The photographs of José Manuel Ballester (b. 1960, Madrid) seem to encapsulate time. The artist’s quest for poetics of the void led him to produce the series Hidden Spaces (Espacios ocultos), which he started in 2007, in which, by digitally altering photographs of historic paintings, he reinterprets masterpieces from art history to create disturbing absences. His works invite the audience to participate in a singular metamorphosis of reality.
This area presents works by three artists who approach reality through abstraction: Prudencio Irazabal, Darío Urzay, and Juan Uslé.
The works of Prudencio Irazabal (b. 1954, Puentelarrá) contain numerous references to different periods of art history, drawn from his extensive knowledge of pictorial language gleaned through technical and formal exploration. Untitled #767 (Sin título #767, 1996) is a painting that only seems monochromatic, for a side view reveals superimposed layers of transparent acrylic paint that divulge the artist’s creative process and explain the penetrating light that radiates from its surface.
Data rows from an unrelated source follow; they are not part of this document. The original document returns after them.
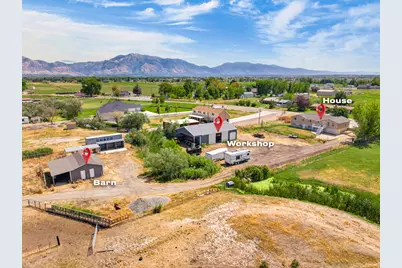 4190 W 400 S, West Warren, UT 84404 - Photo 57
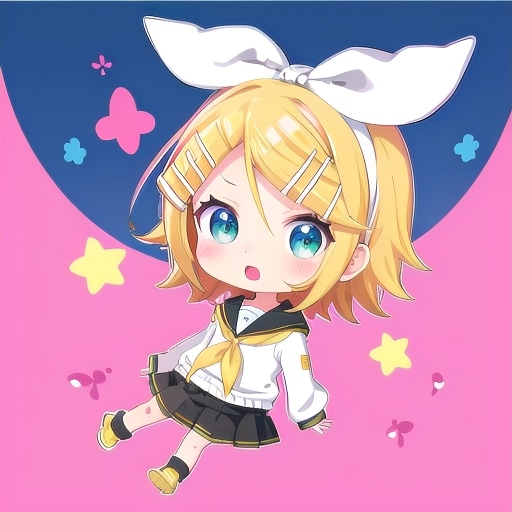 おっ！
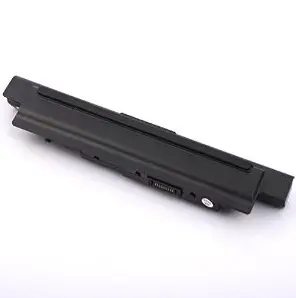 2-Power 14.8V 40Wh 6cell V8VNT-OEM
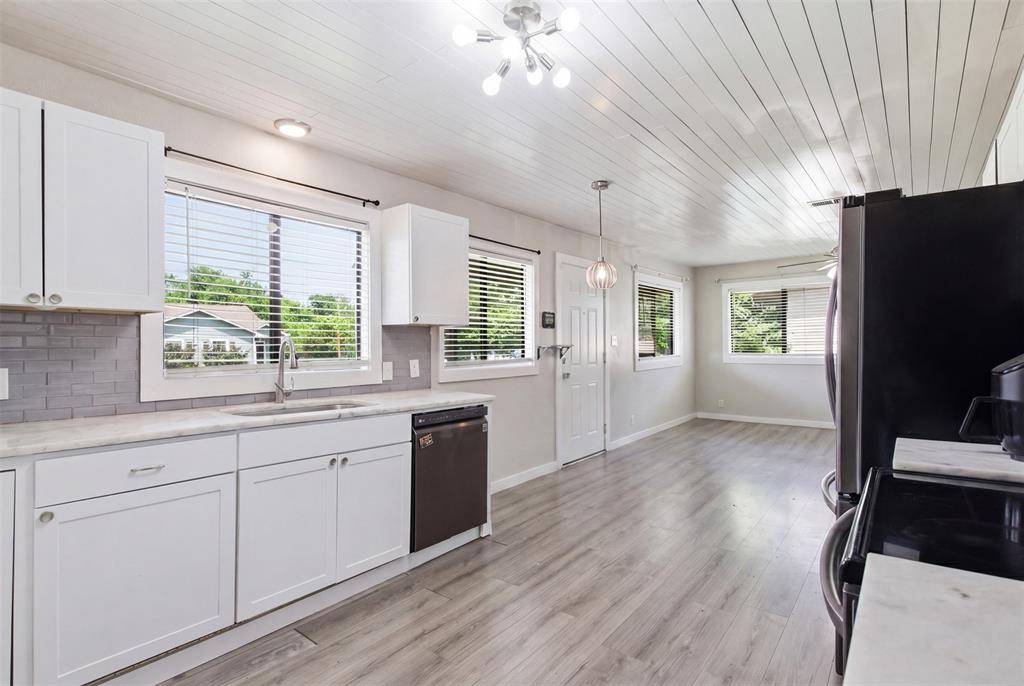 3003 Mitchell Street, Greenville, TX 75402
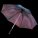8225.16 - Зонты-трости c подсветкой Avatar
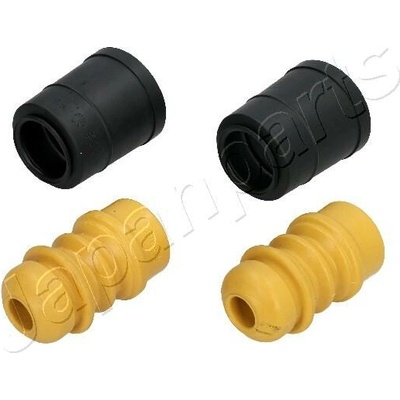 Ochranná sada tlmiča proti prachu JAPANPARTS KTP-0913 (KTP0913)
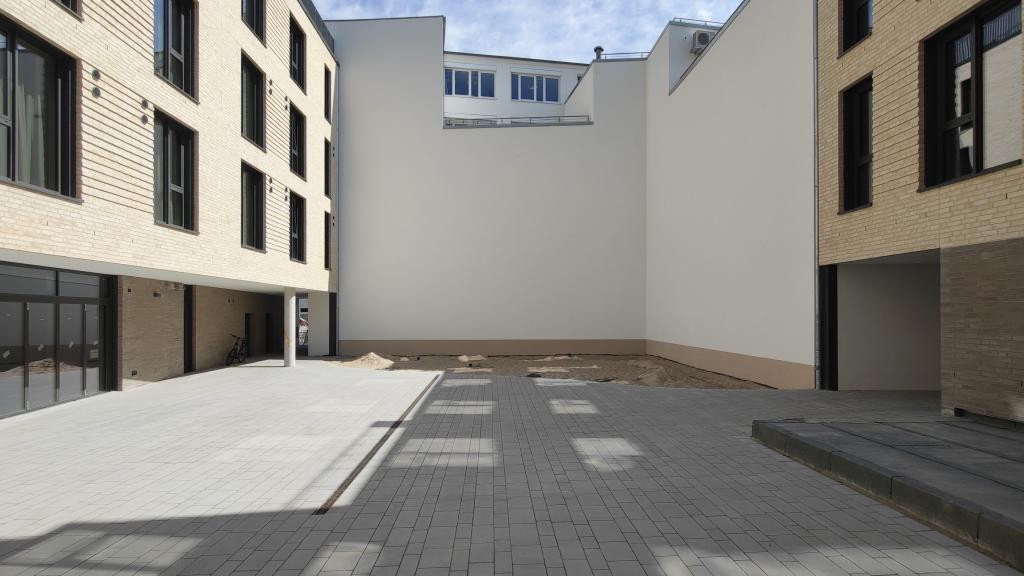 Drei-Höfe_Innenhof_Gastro-und-Co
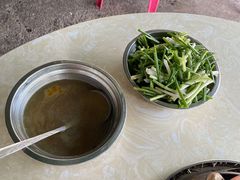 -霞姐屯昌枫木香草鸭店(海螺店)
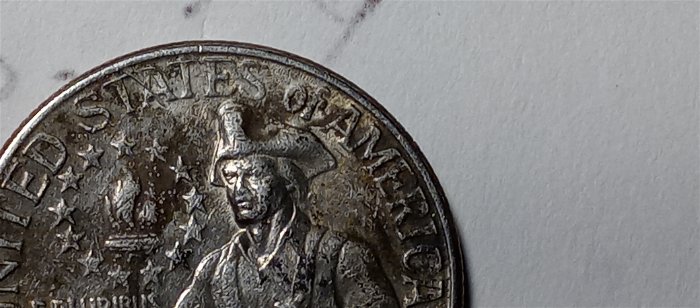 1776-1976-D-Quarter.-Possible-Error-Coin.-Can-Someone-Help-Me-Please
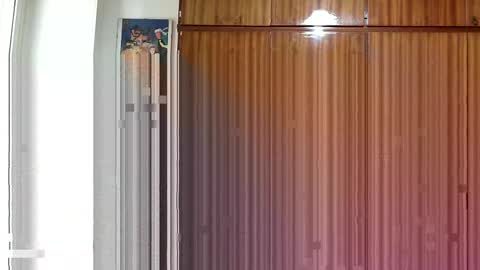 Snapshot of peppemarfy chatting on 01-05-25, 01:58 Peppe online show from 01-05-25, 01:58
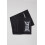 Everlast Gym Towel (Black) 2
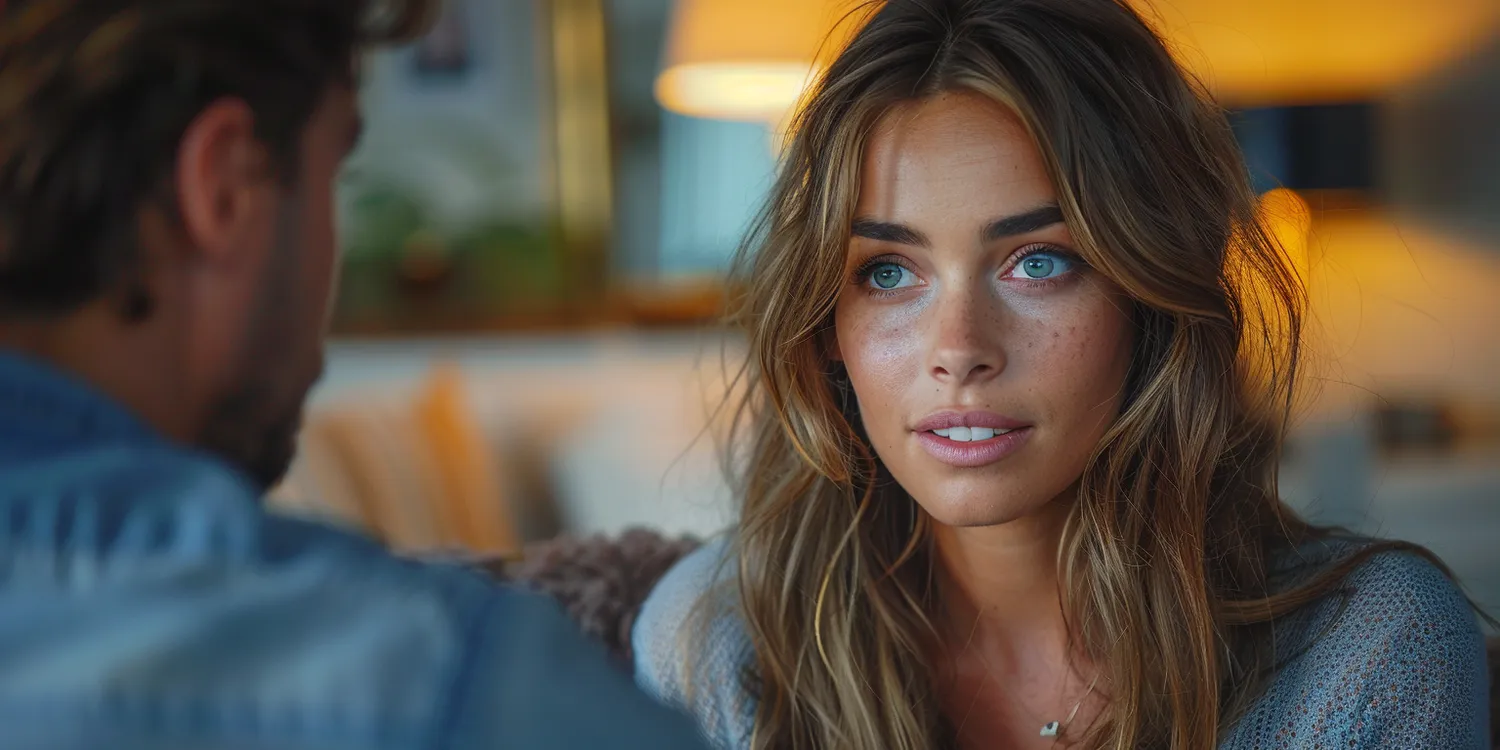 Terapia dla par ile kosztuje?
Darío Urzay (b. 1958, Bilbao) presents his two versions of the work In a (Microverse) Fraction (En una [Microverso] fracción, 1997), displayed here together for the first time. In this installation, the artist draws an imaginary circle that links the two pieces and invites spectators to embark on a dizzying journey from the cosmic to the microscopic.
The works of Juan Uslé (b. 1954, Santander) are autonomous pictorial spaces that reflect some of the artist’s particular intellectual or emotional processes. In the series I Dreamt that You Revealed (Soñé que revelabas) (1997–ongoing), every line and every brushstroke conveys emotion and the sensation of a slow or pulsating motion. The mechanical repetition of the lines in these paintings clearly evidences a systematic, process-oriented approach, but each stroke is also a visible trace of the body and its physical activity—in other words, an aspect of reality that culminates in an abstraction.